■ Exercise directions ■
Going line by line through the records below, write out everything starting with the line containing "Vis 20100814 120418.jpg i fuld st�rrelse" and going on through the line containing "Other 4BR 2BA - 194 Parkway, Maywood, NJ", exactly and inclusively. Pictures do not go in.

■ Dataset records ■
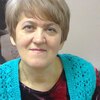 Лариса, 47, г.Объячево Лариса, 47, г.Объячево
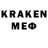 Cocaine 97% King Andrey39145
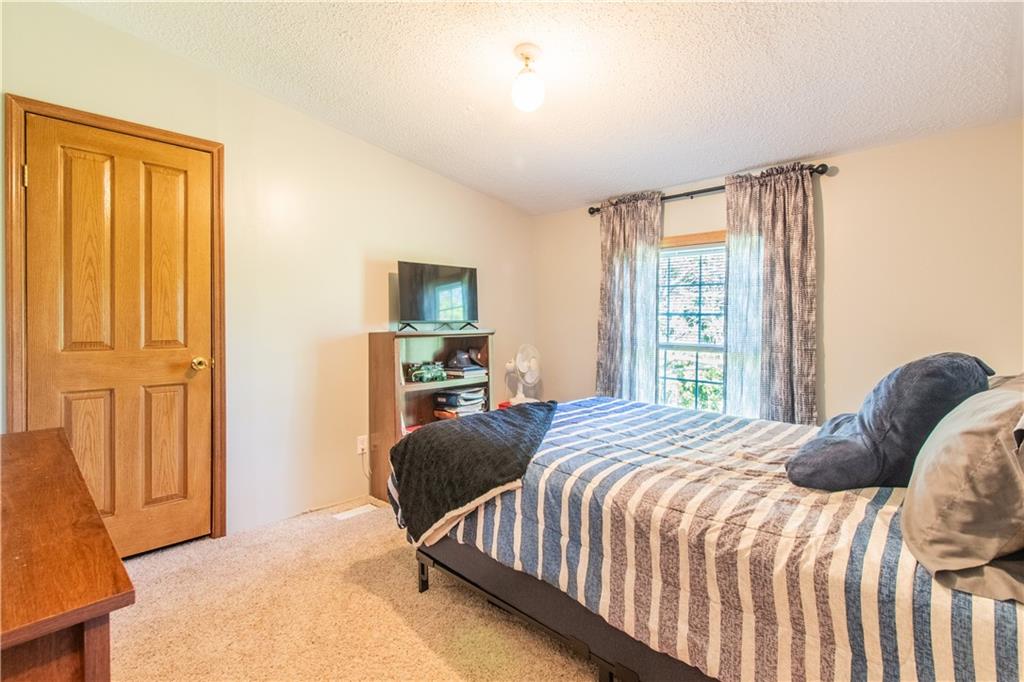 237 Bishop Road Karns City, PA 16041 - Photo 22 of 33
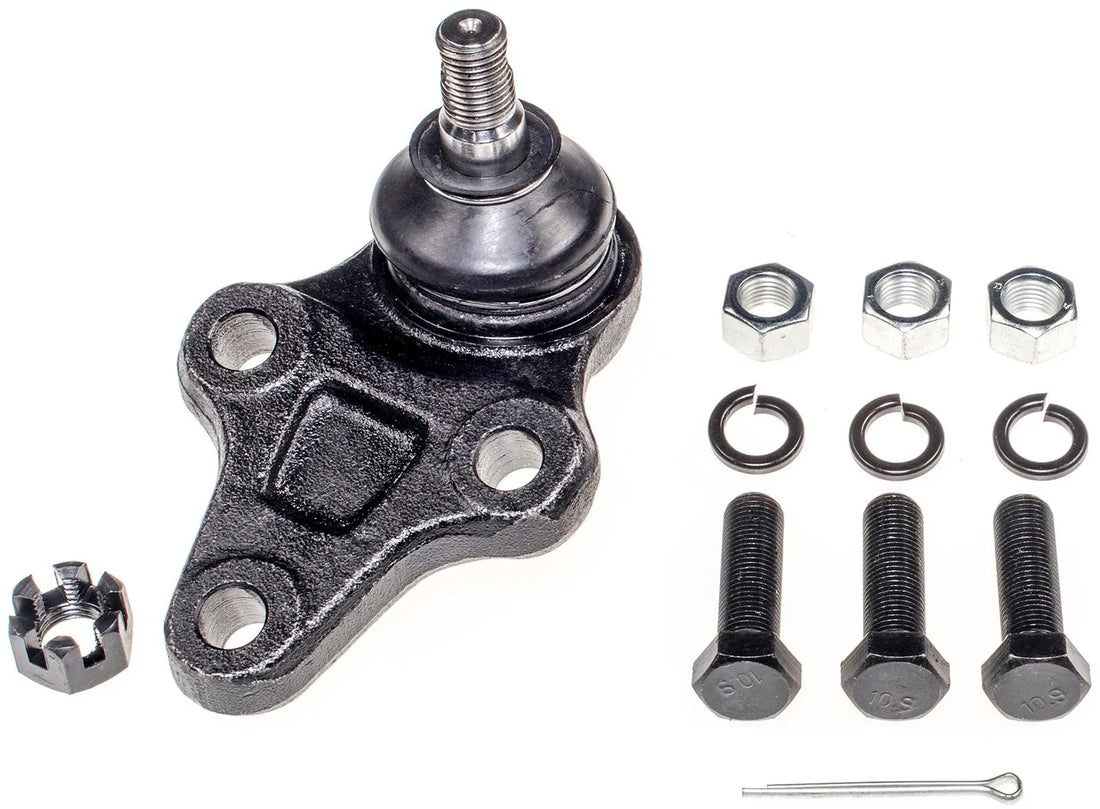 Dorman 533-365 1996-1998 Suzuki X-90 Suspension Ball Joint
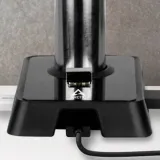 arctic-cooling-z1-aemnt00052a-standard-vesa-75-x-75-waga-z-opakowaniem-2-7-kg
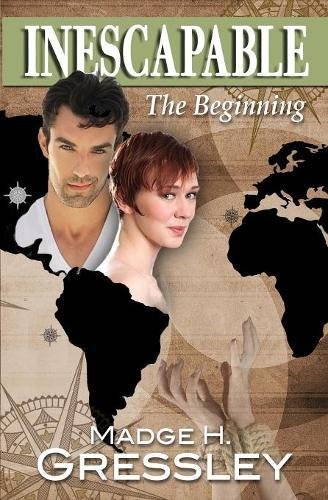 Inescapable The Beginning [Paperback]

--

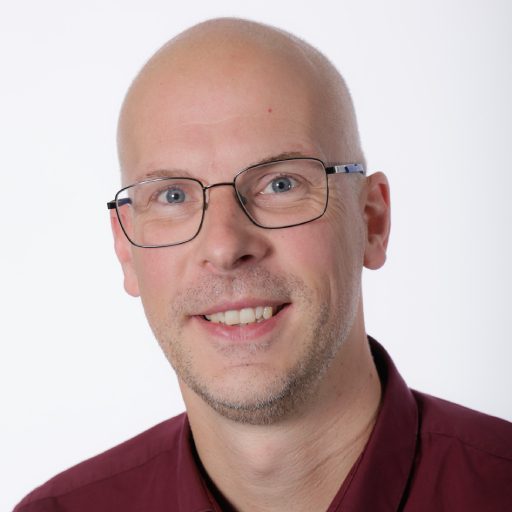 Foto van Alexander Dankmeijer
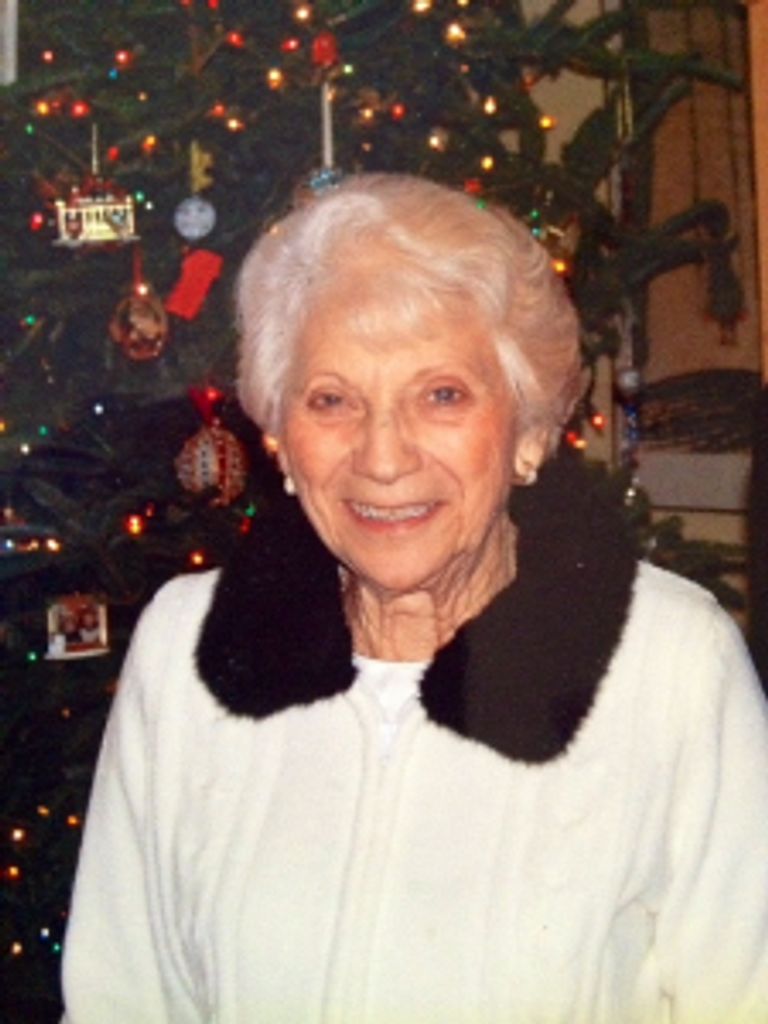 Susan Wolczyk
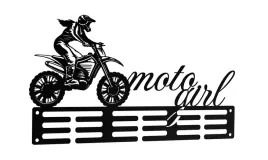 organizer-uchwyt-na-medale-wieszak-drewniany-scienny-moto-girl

--

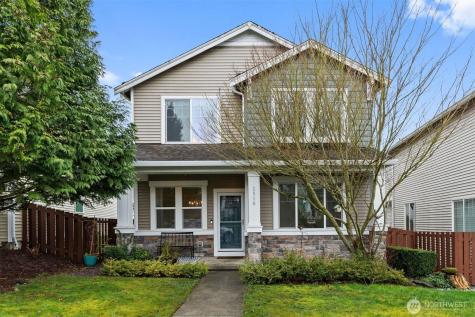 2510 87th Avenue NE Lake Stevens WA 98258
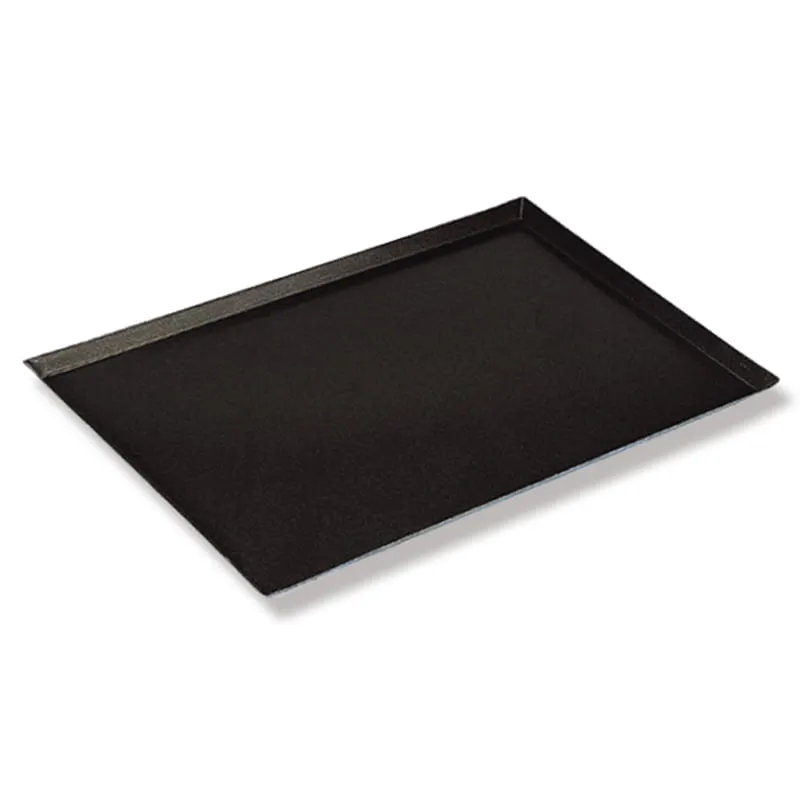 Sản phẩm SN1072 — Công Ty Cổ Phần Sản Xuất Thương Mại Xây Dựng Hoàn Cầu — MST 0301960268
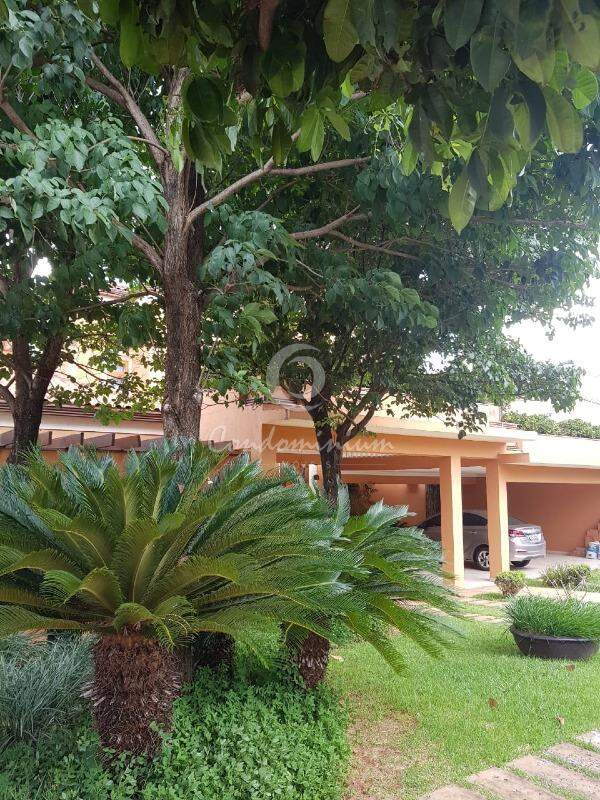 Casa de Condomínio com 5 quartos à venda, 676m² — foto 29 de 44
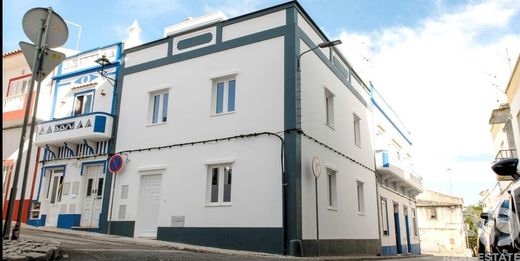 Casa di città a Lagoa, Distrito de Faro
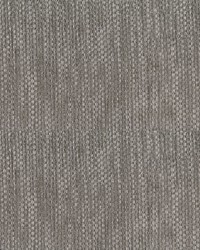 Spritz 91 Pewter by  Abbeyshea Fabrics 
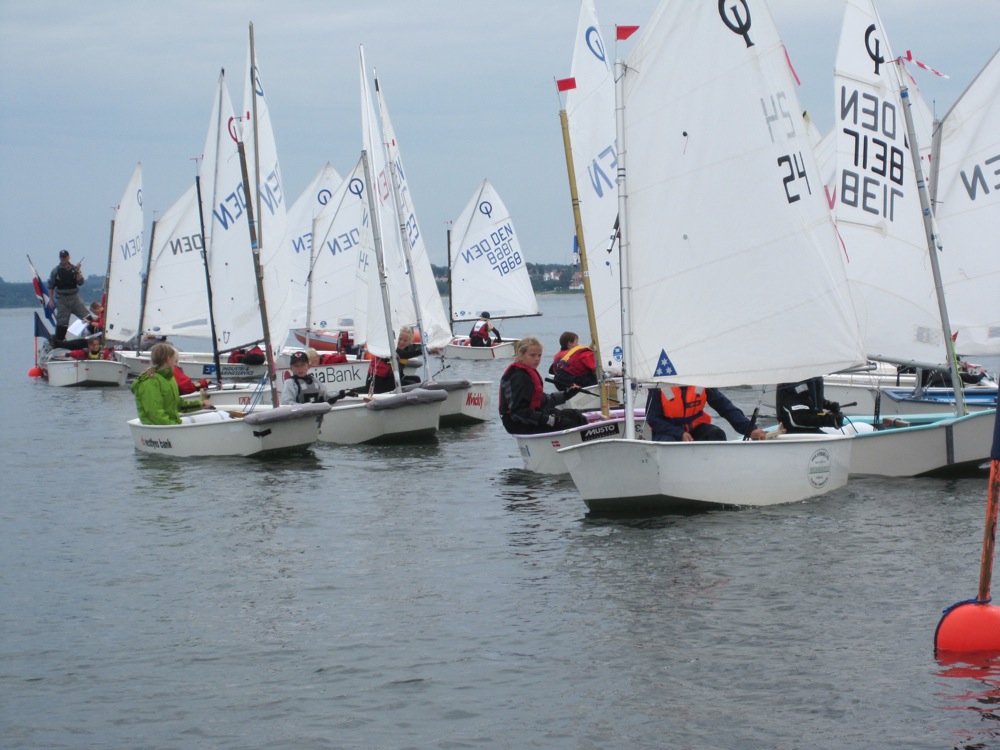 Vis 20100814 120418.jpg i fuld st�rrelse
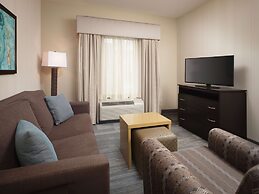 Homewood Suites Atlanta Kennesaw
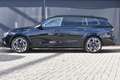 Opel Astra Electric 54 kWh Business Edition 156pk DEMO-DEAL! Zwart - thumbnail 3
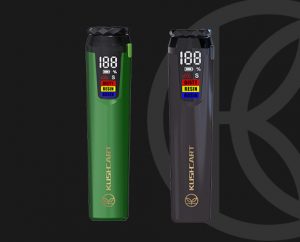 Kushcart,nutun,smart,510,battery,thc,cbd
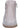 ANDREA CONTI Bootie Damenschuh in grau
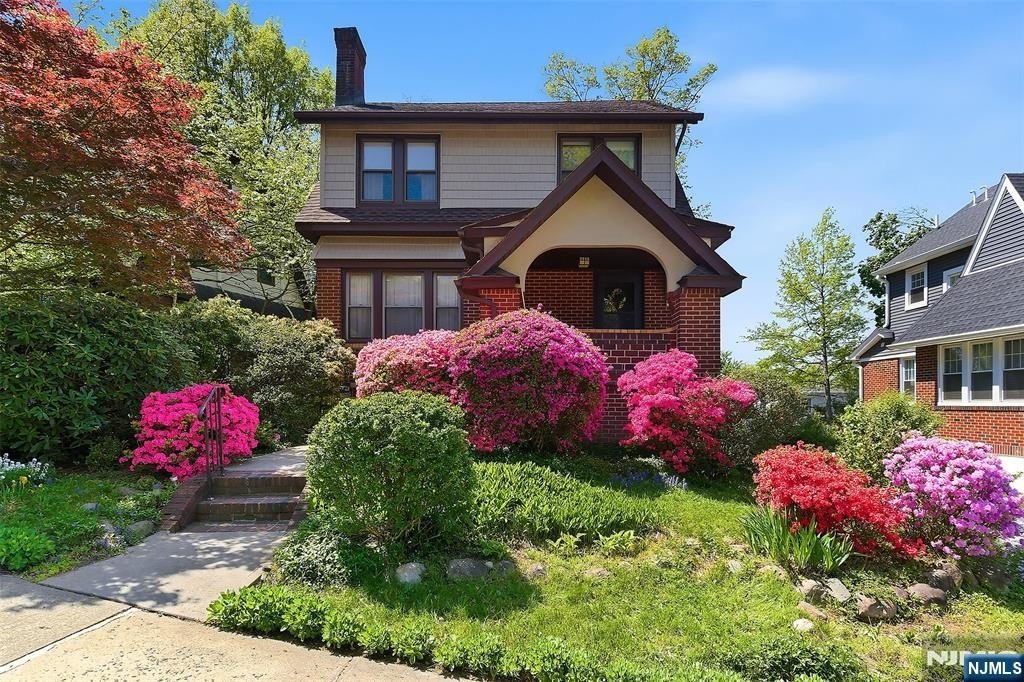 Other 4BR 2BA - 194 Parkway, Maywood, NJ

■ Response ■
 Vis 20100814 120418.jpg i fuld st�rrelse
 Homewood Suites Atlanta Kennesaw
 Opel Astra Electric 54 kWh Business Edition 156pk DEMO-DEAL! Zwart - thumbnail 3
 Kushcart,nutun,smart,510,battery,thc,cbd
 ANDREA CONTI Bootie Damenschuh in grau
 Other 4BR 2BA - 194 Parkway, Maywood, NJ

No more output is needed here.